Jean-Claude Kassi Brou a indiqué avoir présenté au chef de l’État malien un état des lieux de la situation économique, monétaire et financière dans la région.

« Nous avons échangé sur l’évolution de l’économie régionale, la situation économique, monétaire et financière au niveau de la région », a-t-il expliqué.

La BCEAO, qui supervise la politique monétaire des huit pays de l’Union, a profité de cette audience pour saluer les efforts de stabilisation et de gestion économique engagés par Bamako.

Vers une modernisation de l’agence de Mopti

Au-delà des questions macroéconomiques, les discussions ont également porté sur l’état d’avancement du projet de construction de l’agence auxiliaire de la BCEAO à Mopti.
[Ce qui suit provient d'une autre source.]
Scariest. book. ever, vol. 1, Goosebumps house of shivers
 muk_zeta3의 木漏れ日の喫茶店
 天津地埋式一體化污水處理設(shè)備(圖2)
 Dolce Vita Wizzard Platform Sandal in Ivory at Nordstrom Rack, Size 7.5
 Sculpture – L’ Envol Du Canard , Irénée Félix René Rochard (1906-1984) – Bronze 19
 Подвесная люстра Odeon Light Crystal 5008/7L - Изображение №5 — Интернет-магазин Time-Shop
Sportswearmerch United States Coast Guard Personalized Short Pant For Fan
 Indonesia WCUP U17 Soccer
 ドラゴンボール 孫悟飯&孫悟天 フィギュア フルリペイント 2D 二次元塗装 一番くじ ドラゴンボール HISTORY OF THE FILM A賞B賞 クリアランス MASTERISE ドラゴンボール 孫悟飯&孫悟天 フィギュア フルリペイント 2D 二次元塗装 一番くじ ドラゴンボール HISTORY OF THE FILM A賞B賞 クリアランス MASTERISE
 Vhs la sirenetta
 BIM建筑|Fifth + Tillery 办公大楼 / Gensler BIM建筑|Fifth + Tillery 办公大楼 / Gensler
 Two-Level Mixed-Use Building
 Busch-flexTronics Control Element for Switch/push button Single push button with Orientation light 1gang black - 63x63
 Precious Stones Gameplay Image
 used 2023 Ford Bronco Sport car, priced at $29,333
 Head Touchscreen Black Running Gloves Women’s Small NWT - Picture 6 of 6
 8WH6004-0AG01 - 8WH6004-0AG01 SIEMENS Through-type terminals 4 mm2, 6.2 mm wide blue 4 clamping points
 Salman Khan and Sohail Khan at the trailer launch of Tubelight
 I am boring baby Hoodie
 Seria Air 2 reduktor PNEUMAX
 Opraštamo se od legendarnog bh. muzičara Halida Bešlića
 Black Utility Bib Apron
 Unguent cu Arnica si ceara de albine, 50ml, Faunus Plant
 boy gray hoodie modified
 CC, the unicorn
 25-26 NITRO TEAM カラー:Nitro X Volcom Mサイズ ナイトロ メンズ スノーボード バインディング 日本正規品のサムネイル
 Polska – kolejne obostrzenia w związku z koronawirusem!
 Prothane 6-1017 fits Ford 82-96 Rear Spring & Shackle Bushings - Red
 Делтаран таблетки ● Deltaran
Ce projet s’inscrit dans un programme plus large de renforcement du réseau de la Banque centrale dans les régions de l’Union.

Jean-Claude Kassi Brou a rappelé qu’en début d’année 2025, une nouvelle agence de la BCEAO avait été inaugurée à Kayes. « Cette agence est aujourd’hui totalement opérationnelle et fonctionne avec grande satisfaction », a-t-il indiqué, rappelant qu’il avait alors été question d’étendre ce programme de construction d’agences auxiliaires dans d’autres régions.

Un levier pour le développement des services financiers

Selon le gouverneur de la BCEAO, la présence d’une agence auxiliaire contribue directement au développement du système financier local. « Une agence auxiliaire facilite le développement des services financiers, facilite le travail des banques commerciales et des établissements financiers, ainsi que des institutions de microfinance qui travaillent à travers les banques commerciales », a-t-il expliqué.

Dans cette perspective, Mopti devrait bientôt bénéficier d’une infrastructure modernisée. L’agence y existe déjà depuis de nombreuses années, mais le projet vise désormais à la rénover et à la mettre aux standards actuels.c« Nous avons engagé un processus et nous pensons que les choses vont pouvoir démarrer très rapidement pour permettre à Mopti d’avoir une agence auxiliaire moderne, aux normes, qui intègre les dernières innovations en matière de sécurité, d’énergie et d’approvisionnement en eau », a précisé Jean-Claude Kassi Brou.

Pour permettre la réalisation du projet, l’État malien a mis à disposition de la BCEAO un terrain d’environ trois hectares à Mopti. Ce site doit accueillir les nouvelles infrastructures de la Banque centrale, qui s’inscrivent dans une stratégie de modernisation et de renforcement de la présence institutionnelle dans les régions.

Pour la BCEAO, ce déploiement territorial vise à améliorer l’efficacité du système financier, faciliter l’accès aux services bancaires et accompagner le développement économique local.